The feast of the Visitation usually falls on the 31st of May. It celebrates the lovely moment in Luke’s Gospel (1:41-56) when Mary goes to visit her cousin Elizabeth, who was also, against all expectations, bearing a child, the child who would be John the Baptist. Luke tells us that the Holy Spirit came upon them, and that the babe in Elizabeth’s womb ‘leaped for joy’ when he heard Mary’s voice, and it is even as the older woman blesses the younger, that Mary gives voice to the Magnificat, the most beautiful and revolutionary hymn in the world. There is much for the modern world to ponder in this tale of God’s blessing and prophecy on and from the margins, and I have tried to tease a little of it out in this sonnet. I am grateful again to Margot Krebs Neale for her inspiring image, and , as always you can hear the poem by clicking on the ‘play’ button or the title.

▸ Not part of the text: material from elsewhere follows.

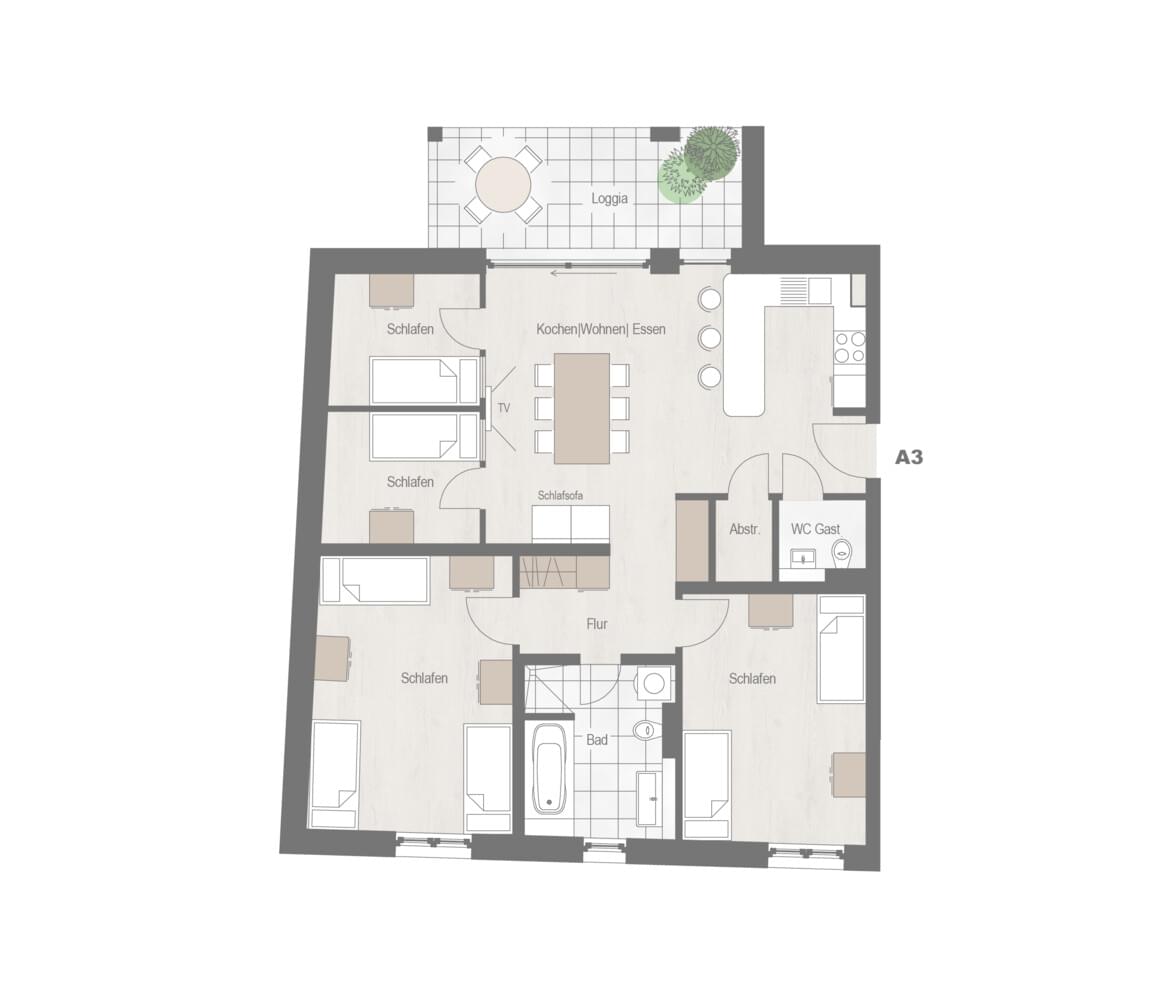 Monteur-Zimmer - Neuhemsbach - Neubauwohnung in Mutterstadt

This sonnet is drawn from my collection Sounding the Seasons, published by Canterbury Press here in England. The book is now back in stock on both Amazon UK and USA . It is now also out on Kindle. Please feel free to make use of this, and my other sonnets in church services and to copy and share them. If you can mention the book from which they are taken that would be great..

The Visitation

Here is a meeting made of hidden joys

Of lightenings cloistered in a narrow place

From quiet hearts the sudden flame of praise

And in the womb the quickening kick of grace.

Two women on the very edge of things

Unnoticed and unknown to men of power

But in their flesh the hidden Spirit sings

And in their lives the buds of blessing flower.

And Mary stands with all we call ‘too young’,

Elizabeth with all called ‘past their prime’

They sing today for all the great unsung

Women who turned eternity to time

Favoured of heaven, outcast on the earth

Prophets who bring the best in us to birth.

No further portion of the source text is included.